Brief descriptive captions:
.....

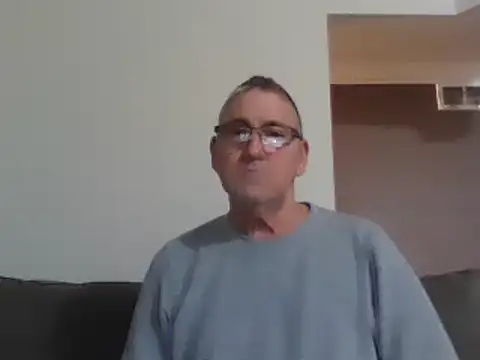 takeitall101 online show from December 3, 12:19 am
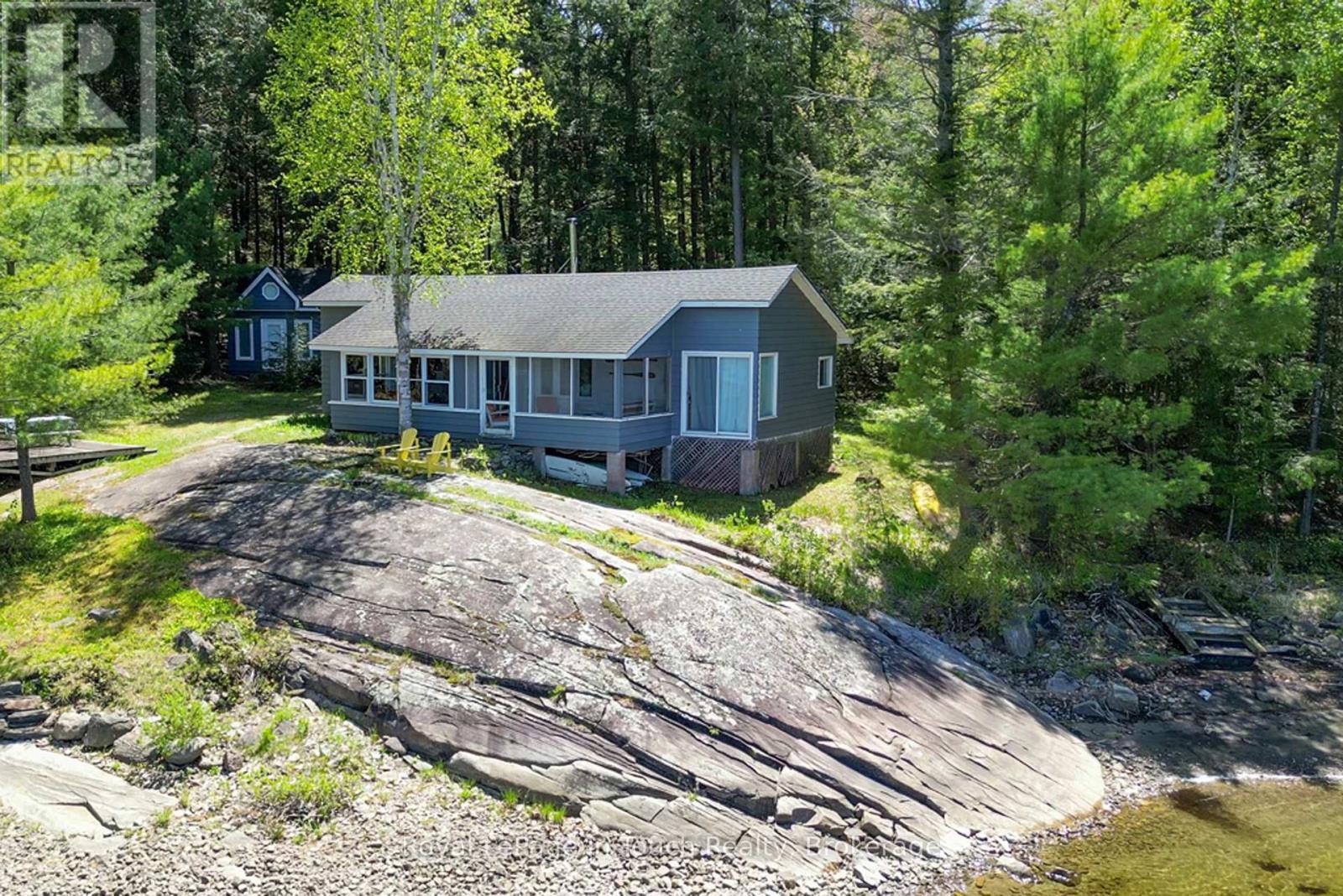 












15052 GEORGIAN BAY SHORE

,
Georgian Bay (Baxter),




Ontario
P0E1E0

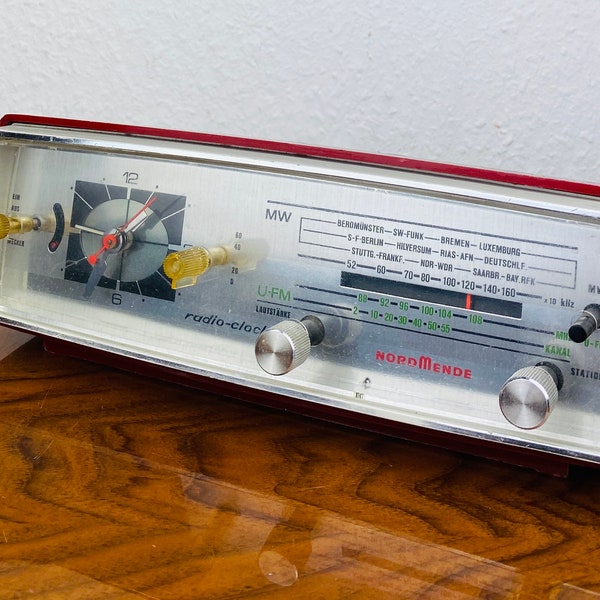 Radio-réveil de l’ère spatiale - Design allemand - Radio Nordmende avec fonction d’alarme - Ancienne horloge de table avec alarme - McM Réveil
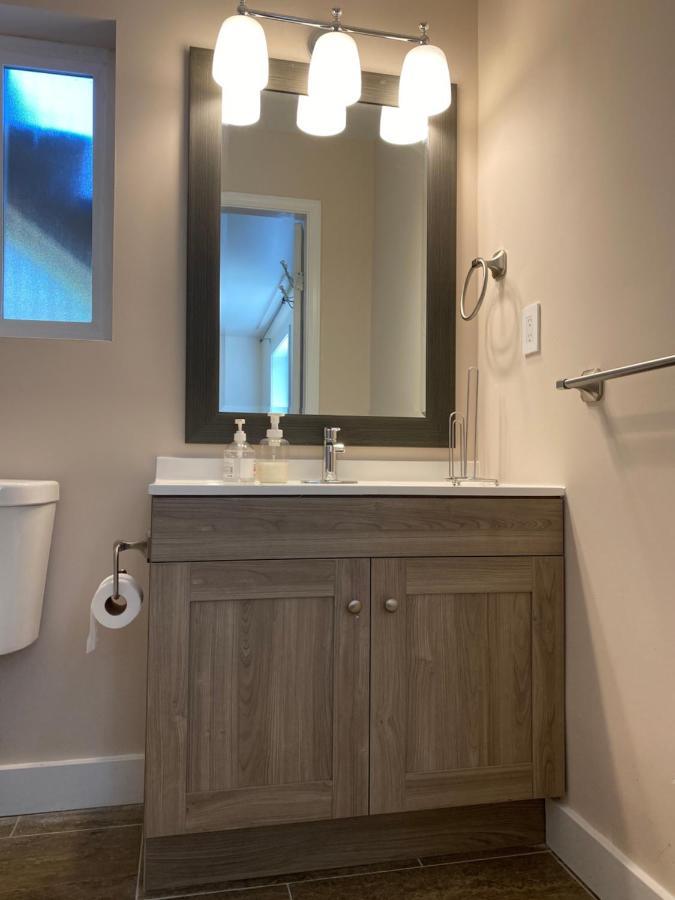 Richmond Vancouver Airport Comfy Home Bagian luar foto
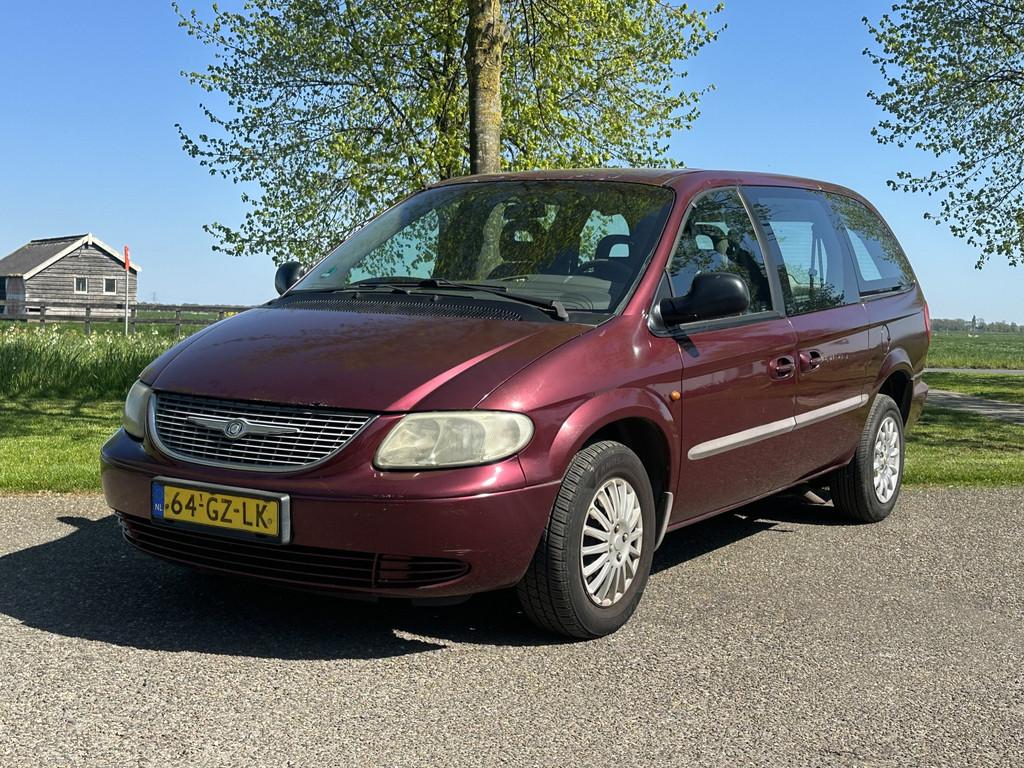 Chrysler Grand Voyager 2.4i SE Luxe Rolstoel bus * apk 12-20, Auto's, Chrysler, Voorwielaandrijving, Gebruikt, 750 kg, 4 cilinders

.....

WHAT NEEDS TO BE DONE » Please return the entries above exactly as they appear, but without the pictures.

SOLVED EXERCISE »
 takeitall101 online show from December 3, 12:19 am












15052 GEORGIAN BAY SHORE

,
Georgian Bay (Baxter),




Ontario
P0E1E0

 Radio-réveil de l’ère spatiale - Design allemand - Radio Nordmende avec fonction d’alarme - Ancienne horloge de table avec alarme - McM Réveil
 Richmond Vancouver Airport Comfy Home Bagian luar foto
 Chrysler Grand Voyager 2.4i SE Luxe Rolstoel bus * apk 12-20, Auto's, Chrysler, Voorwielaandrijving, Gebruikt, 750 kg, 4 cilinders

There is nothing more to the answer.